Once viewed as strictly operational cost centers, today’s call centers have become accountable for revenue generation and can also contribute to the bottom line. Efforts within the call center to drive higher member satisfaction can directly impact credit union revenue. Credit unions should seize the opportunity to turn their call centers into revenue centers using the following tactics:
Based on an average credit union size of $250 million to $3 billion in assets, an estimated 15,000 calls per month and average revenue as reported by the NCUA, successfully selling to only 10 percent of callers can lift your credit union’s annual revenue by more than $1 million. A significant amount of revenue is also generated in call centers with loans. Investing in specialized training for agents to increase their ability to cross- and up-sell products will pay off.
Shift call monitoring
While the primary purpose of call monitoring is to review agents’ call handling and ensure quality service delivery, expanding the goals associated with call monitoring can help your call center achieve greater results.

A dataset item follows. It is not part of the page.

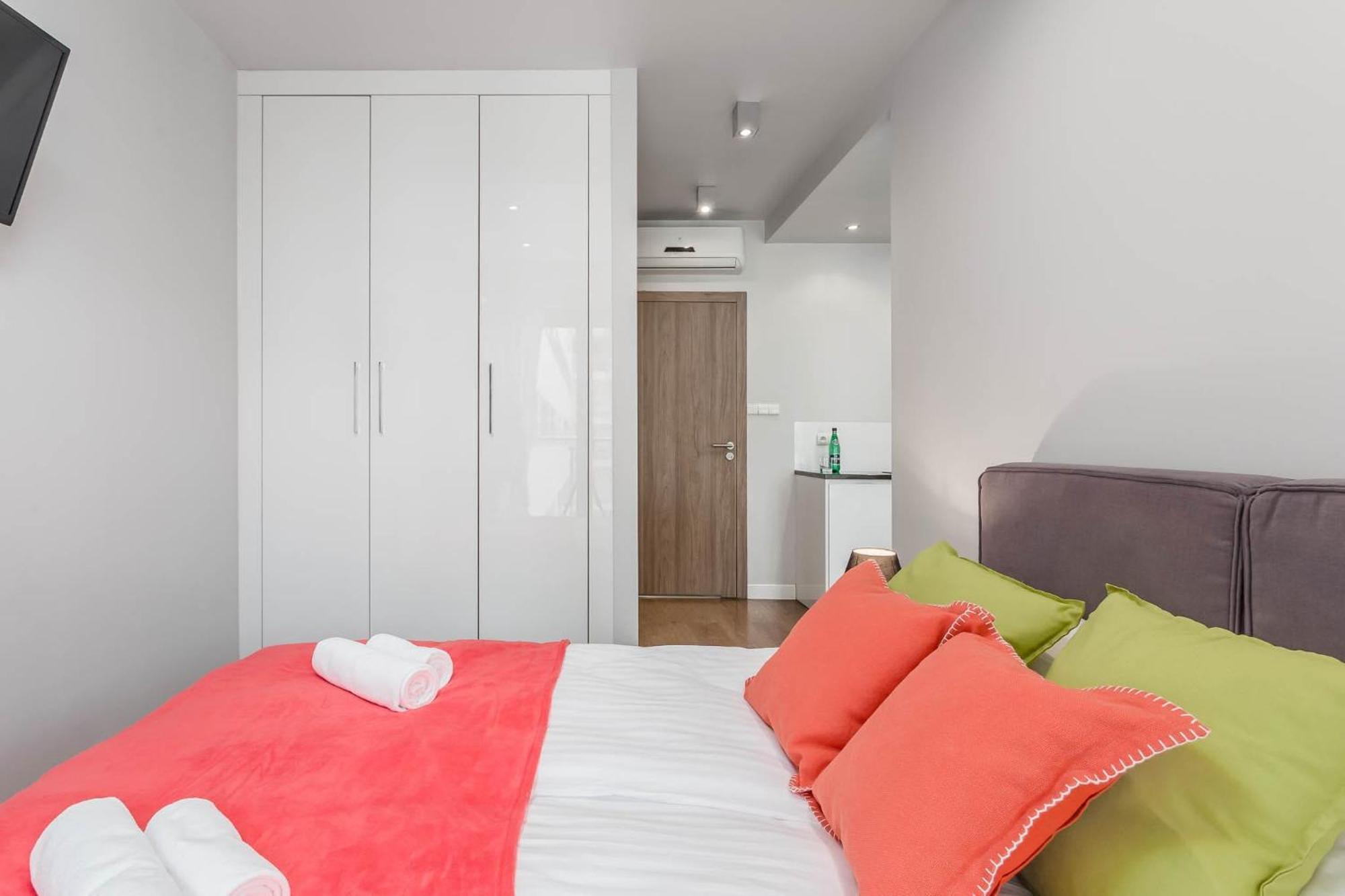 Rent Like Home - Oxygen Wronia 45 II ワルシャワ エクステリア 写真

When reviewing longer calls, utilizing a scorecard that tracks items the agent did or did not mention can be a helpful tool that can be used to provide feedback to that agent in particular or as a learning tool for other agents.
On a similar note, creating a sound library of well-handled calls can be a great resource for new employees as a “how to” guide for how your credit union expects calls to be handled. It is also critical to improving sales as it can teach agents how to spot potential openings to cross- and up-sell, and it enables agents to hear firsthand how calls should be handled.

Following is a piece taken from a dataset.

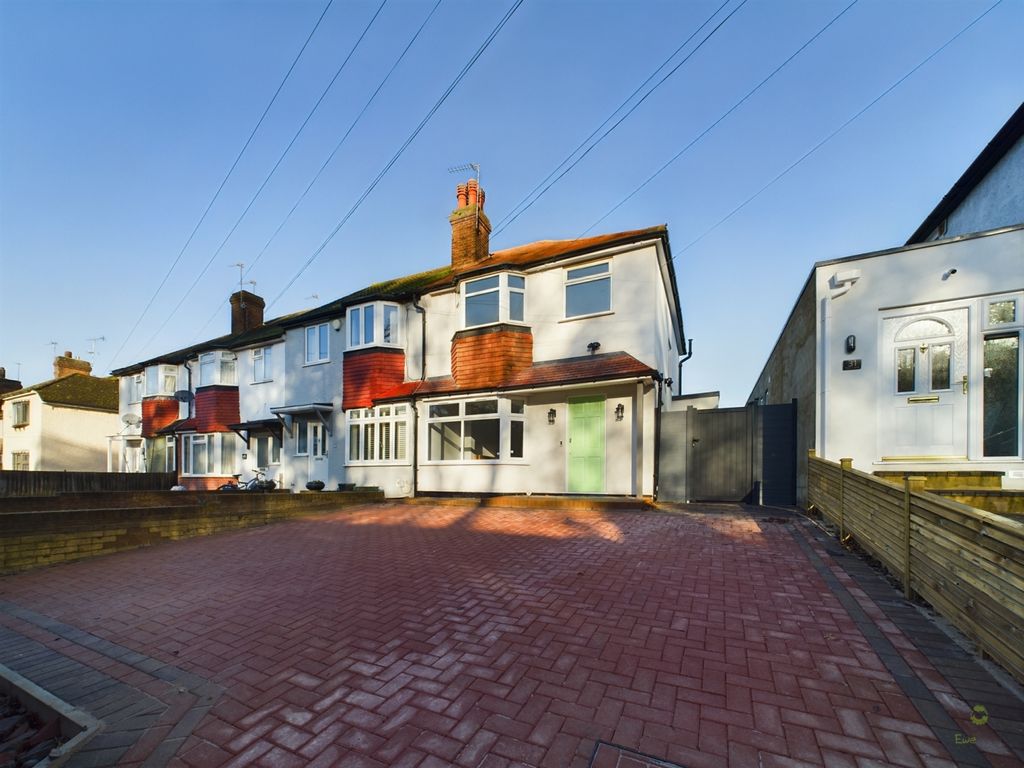 3 bed semidetached house for sale in Star Lane, Orpington BR5, £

It is also important to make sure agents do not miss opportunities to keep members engaged when reviewing short calls. For example, when asked about loan rates, research conducted by PSCU shows agents will provide the rates but fail to ask for an application more than 60 percent of the time. Agents should be trained to provide supplemental materials in addition to the specific information requested. When speaking with non-members, agents should always provide information about membership and ask whether the caller has interest in joining after answering the initial questions.
Creating teams can maximize employees’ skills. For example, utilize your best sale reps as mentors to others. Agents often learn best from their peers when they feel comfortable asking questions. In a similar vein, build small teams of employees to foster an identity and sense of mission among team members, along with friendly competition.
Address low hanging fruit
Pay attention to the small things. Are your agents closing the deal on every possible opportunity? Are they providing loan applications and seizing opportunities to highlight high value, “sticky products” like bill pay, mobile and online banking when explaining checking accounts? Are your agents asking new callers to become members?

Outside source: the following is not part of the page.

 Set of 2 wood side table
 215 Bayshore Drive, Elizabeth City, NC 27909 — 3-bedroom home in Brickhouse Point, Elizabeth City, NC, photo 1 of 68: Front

Also consider whether there are processes in place that work against your agents. For example, is cumbersome paperwork cutting down on agent availability? Ensuring you address these questions and others like them can boost revenue and turn your call center into a well-oiled selling machine.
A clear, easy and specific incentive plan – “I sell this, I get this” – can increase engagement and ensure agents are focused on a clear goal. These plans can tie back to credit union-specific goals, like having the ability to invest in more products focused on growth and profitability. Plans should be flexible as product strategy evolves but formalized and signed by all agents. Strong, continual support from senior management is also key.
If credit unions take the time and invest in some – or all – of these tactics, their call centers will evolve into revenue centers and add to the organization’s bottom line, as well as provide the service members need and expect from their credit union’s call centers.